## INFORMATION
# # #
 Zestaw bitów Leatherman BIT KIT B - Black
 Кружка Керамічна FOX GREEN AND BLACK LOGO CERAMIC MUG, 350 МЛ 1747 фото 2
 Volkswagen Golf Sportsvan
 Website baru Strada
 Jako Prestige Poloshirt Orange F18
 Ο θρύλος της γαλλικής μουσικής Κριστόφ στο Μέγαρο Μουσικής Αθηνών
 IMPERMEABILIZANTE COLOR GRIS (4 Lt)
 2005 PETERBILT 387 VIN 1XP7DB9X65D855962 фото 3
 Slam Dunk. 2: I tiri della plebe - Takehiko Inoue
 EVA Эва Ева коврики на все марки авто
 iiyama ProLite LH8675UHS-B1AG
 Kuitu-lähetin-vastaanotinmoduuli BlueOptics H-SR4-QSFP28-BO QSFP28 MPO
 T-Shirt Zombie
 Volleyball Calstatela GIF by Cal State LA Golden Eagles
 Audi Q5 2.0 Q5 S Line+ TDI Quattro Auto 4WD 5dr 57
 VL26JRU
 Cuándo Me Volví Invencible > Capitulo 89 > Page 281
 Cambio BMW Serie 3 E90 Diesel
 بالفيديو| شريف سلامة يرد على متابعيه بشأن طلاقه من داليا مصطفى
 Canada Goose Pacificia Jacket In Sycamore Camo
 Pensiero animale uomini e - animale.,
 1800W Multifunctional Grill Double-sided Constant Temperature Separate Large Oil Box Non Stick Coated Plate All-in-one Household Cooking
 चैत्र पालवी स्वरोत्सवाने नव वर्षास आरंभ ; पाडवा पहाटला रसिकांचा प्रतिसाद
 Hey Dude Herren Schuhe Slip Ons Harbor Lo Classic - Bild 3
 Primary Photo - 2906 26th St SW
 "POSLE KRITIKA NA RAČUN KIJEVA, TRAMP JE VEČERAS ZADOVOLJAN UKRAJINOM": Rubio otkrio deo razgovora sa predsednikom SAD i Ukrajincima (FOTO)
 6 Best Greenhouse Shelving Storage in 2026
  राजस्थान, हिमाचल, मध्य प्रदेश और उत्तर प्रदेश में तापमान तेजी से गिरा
# # #
## TASK STATEMENT
Everything above from the line containing "iiyama ProLite LH8675UHS-B1AG" through the line containing "Pensiero animale uomini" must be copied exactly. Nothing outside that range belongs in the answer.

## RESPONSE
 iiyama ProLite LH8675UHS-B1AG
 Kuitu-lähetin-vastaanotinmoduuli BlueOptics H-SR4-QSFP28-BO QSFP28 MPO
 T-Shirt Zombie
 Volleyball Calstatela GIF by Cal State LA Golden Eagles
 Audi Q5 2.0 Q5 S Line+ TDI Quattro Auto 4WD 5dr 57
 VL26JRU
 Cuándo Me Volví Invencible > Capitulo 89 > Page 281
 Cambio BMW Serie 3 E90 Diesel
 بالفيديو| شريف سلامة يرد على متابعيه بشأن طلاقه من داليا مصطفى
 Canada Goose Pacificia Jacket In Sycamore Camo
 Pensiero animale uomini e - animale.,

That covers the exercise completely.